Entourage allows you to drag address cards to the Mac's native address book application. This was synchronized with Plaxo using my wife's account. Plaxo supports export of the address book in LDIF format, which Thunderbird was able to import without problems. If you can't use this route, you can also export the entire Mac address book in a single operation to .vcf (or possibly even to LDIF). I suggest adjusting the line endings to Windows conventions before attempting to import to Thunderbird.

Then it turned out that the vast majority of e-mail addresses that she needed were not in either address book. Entourage just maintains a cache of recently used addresses and we could find no way to export all of these into any sort of useful file format. To the rescue came Adam Haeder with a simple shell script to extract plausible e-mail addresses from mbox files. I was able to adapt it for use under Cygwin and enhance it a bit to cope with non-US addresses and escaped newlines and spaces. The resulting tab-delimited file was suitable for import to Thunderbird.

 #!/bin/bash  
   
 # This script will parse an mbox file, displaying all of the From: email addresses, removing ones that  
 # are from postmaster, mail admins, etc  
   
 FILE=$1  
   
 if [ ! -r $FILE ]; then  
  if [ -r /var/spool/mail/$FILE ]; then  
  FILE="/var/spool/mail/$FILE"  
  else  
  echo "Sorry! Neither $FILE nor /var/spool/mail/$FILE exists, or I can't read them"  
  exit  
  fi  
 fi  
   
 # Using cat to read the input means you can run this over many mbox files simultaneously  
 # dos2unix and mac2unix standardise line endings to LF only  
 # First sed script joins lines that have been split with a "=" at line end  
 # grep isolates lines starting with "From:" and egrep -vi rejects all non-human addresses  
 # Next grep discards any lines that contain no email address (@)  
 # The next sed script turns =20 into spaces and discards trailing spaces and "From:"  
 # The next converts [mailto:x@y.z] to <x@y.z> form  
 # Any bare SMTP addresses are converted to "x@y.z <x@y.z>"  

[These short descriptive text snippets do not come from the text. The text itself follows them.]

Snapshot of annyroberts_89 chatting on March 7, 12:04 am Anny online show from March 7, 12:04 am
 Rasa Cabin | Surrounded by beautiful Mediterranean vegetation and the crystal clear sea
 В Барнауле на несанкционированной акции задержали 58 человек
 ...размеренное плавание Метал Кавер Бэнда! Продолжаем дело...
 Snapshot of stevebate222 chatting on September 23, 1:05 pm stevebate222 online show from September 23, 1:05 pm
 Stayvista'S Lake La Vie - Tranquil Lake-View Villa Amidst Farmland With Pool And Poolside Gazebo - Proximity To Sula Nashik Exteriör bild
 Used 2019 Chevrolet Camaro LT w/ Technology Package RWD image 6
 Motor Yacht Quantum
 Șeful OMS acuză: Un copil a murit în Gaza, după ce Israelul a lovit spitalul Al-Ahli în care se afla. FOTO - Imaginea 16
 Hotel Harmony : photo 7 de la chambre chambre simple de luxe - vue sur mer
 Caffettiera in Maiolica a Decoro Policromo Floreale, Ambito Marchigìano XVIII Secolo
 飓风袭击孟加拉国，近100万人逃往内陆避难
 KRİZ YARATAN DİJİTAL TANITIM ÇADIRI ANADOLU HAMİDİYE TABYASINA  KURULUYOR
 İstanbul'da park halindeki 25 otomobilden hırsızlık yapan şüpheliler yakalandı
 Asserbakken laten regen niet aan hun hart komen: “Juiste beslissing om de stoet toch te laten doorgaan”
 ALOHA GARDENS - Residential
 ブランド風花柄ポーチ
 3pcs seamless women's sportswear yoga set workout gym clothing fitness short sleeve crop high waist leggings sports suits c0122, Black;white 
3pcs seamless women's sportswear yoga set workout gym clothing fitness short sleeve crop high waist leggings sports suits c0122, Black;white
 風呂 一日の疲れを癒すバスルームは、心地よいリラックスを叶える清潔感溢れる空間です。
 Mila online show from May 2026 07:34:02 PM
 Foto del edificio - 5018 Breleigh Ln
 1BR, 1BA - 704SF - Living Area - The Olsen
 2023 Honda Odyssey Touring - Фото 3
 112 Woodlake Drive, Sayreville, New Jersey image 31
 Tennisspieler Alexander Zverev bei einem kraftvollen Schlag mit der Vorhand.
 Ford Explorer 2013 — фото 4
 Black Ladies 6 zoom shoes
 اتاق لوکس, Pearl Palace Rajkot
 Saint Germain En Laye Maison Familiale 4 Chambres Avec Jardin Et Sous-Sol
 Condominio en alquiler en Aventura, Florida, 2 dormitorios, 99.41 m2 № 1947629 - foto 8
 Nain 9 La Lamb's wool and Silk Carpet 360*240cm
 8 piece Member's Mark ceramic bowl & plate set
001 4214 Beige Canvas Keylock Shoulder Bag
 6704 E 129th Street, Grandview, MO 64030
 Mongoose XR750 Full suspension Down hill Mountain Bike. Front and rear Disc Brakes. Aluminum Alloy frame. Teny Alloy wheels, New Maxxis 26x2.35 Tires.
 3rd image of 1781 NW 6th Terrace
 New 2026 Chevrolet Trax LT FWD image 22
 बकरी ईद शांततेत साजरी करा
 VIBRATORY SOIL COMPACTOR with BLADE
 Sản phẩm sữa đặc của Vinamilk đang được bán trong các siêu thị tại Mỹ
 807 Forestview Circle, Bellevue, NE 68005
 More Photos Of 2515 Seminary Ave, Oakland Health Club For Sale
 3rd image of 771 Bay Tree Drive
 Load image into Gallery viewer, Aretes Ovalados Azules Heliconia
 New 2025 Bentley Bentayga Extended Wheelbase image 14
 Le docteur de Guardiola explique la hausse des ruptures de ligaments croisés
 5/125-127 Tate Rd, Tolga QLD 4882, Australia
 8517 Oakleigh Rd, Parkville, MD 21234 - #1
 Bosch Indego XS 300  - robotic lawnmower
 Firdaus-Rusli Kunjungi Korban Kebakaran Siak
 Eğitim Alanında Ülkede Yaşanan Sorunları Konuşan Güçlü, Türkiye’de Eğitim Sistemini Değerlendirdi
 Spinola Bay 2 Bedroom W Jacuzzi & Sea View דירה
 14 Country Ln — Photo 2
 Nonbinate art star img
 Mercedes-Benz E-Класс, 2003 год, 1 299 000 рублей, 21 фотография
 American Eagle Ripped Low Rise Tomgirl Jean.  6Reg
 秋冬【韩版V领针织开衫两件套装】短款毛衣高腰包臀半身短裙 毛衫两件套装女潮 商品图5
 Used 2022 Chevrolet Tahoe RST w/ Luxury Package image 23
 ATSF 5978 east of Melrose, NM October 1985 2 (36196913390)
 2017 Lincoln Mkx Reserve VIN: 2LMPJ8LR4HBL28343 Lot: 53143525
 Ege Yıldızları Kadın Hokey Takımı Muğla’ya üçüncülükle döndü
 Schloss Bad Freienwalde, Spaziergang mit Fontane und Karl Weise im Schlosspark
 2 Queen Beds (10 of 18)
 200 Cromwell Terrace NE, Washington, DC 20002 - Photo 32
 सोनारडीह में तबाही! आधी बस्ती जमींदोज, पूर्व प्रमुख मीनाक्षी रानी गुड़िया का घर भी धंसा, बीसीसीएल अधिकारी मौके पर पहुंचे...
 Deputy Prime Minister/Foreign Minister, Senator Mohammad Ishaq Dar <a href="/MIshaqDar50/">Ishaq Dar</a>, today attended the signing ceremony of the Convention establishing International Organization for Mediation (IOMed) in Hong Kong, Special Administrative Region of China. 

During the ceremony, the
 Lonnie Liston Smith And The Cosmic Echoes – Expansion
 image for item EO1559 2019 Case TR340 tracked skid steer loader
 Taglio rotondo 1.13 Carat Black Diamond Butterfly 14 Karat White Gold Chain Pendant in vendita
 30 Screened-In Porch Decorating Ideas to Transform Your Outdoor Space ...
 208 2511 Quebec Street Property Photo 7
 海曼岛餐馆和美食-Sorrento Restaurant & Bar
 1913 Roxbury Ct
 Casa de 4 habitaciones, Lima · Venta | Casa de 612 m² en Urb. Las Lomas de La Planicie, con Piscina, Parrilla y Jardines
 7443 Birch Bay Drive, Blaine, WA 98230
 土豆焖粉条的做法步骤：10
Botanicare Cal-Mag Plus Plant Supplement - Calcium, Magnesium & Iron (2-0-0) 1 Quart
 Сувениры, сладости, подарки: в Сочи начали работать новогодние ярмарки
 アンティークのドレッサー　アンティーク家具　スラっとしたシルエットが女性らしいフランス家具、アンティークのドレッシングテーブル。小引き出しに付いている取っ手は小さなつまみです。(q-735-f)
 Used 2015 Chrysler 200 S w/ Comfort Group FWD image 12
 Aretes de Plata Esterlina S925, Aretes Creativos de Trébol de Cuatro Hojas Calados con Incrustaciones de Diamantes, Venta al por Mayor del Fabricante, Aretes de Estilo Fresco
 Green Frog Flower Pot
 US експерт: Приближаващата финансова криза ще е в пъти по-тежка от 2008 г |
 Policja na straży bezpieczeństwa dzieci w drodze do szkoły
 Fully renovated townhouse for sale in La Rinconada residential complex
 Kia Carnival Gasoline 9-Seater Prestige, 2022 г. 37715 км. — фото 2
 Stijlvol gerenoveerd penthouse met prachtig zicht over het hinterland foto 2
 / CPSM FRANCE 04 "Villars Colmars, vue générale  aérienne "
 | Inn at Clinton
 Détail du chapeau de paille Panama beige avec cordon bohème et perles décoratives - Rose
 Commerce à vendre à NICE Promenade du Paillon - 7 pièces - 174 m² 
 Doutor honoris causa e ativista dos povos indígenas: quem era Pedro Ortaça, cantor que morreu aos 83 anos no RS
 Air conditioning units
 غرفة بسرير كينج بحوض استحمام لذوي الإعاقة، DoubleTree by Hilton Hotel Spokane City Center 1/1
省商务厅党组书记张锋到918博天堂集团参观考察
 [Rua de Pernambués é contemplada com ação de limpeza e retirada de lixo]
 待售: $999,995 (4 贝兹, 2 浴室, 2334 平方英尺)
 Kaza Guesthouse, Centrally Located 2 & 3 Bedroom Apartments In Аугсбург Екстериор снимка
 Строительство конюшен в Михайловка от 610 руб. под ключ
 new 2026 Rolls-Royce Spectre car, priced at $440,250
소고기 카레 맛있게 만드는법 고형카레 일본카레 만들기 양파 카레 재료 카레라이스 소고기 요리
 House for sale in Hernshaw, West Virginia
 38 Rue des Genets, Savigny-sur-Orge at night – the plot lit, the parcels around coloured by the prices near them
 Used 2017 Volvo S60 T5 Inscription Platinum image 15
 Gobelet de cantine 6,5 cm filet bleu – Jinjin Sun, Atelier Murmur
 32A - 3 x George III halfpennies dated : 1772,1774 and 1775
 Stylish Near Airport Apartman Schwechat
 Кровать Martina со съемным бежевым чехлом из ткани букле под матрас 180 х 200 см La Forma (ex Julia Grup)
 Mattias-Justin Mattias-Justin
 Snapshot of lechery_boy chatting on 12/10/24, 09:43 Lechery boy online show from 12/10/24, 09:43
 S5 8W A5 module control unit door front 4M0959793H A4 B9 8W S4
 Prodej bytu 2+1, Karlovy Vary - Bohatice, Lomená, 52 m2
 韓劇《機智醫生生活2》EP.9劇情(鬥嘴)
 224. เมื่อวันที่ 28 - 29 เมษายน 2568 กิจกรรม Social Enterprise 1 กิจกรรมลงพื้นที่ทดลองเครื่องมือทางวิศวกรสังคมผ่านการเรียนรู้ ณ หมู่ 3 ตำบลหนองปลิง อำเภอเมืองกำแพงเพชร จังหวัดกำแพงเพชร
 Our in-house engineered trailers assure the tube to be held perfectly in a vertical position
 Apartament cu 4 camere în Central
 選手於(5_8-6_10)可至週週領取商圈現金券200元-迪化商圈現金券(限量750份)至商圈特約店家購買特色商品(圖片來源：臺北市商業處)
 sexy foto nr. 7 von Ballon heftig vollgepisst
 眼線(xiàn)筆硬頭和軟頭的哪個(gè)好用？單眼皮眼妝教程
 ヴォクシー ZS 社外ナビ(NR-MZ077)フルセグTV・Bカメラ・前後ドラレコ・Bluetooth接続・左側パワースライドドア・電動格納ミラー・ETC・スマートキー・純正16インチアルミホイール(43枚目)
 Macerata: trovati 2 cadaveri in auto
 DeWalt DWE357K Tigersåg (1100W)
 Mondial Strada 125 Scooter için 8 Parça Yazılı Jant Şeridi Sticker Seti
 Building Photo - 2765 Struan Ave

 # Any SMTP addresses with no friendly name but in "<>" delimiters are converted similarly  
 # Finally the "<>" delimiters are removed and replaced with a tab separator  
 # Result is sorted uniquely (ignore case & leading blanks) and converted to DOS line endings  
 cat $FILE | dos2unix.exe | mac2unix.exe |\  
 sed '/=$/{N;s/=\n//}' |\  
 grep "^From:" | egrep -vi \  
 "(postoffice|\  
 postman|\  
 administrator|\  
 bounce|\  
 MAILER-DAEMON|\  
 postmaster|\  
 Mail Administrator|\  
 Auto-reply|\  
 out of office|\  
 Mail Delivery System|\  
 Email Engine|\  
 Mail Delivery Subsystem|\  
 Mail.Administrator|\  
 non.deliverable)" |\  
 grep '@' |\  
 sed 's/=20/ /g;s/\s*$//;s/^From:\s*//' |\  
 sed 's/\[mailto:\(.*\)\]/<\1>/g;s/"//g' |\  
 sed '/^[^<]*$/s/^\(.*\)$/\1 <\1>/' |\  
 sed 's/^<\(.*\)>$/\1 <\1>/' |\  
 sed 's/^\(.*\S\)\s*<\(.*\)>/\1\t\2/' |\  
 sort -ubf | unix2dos.exe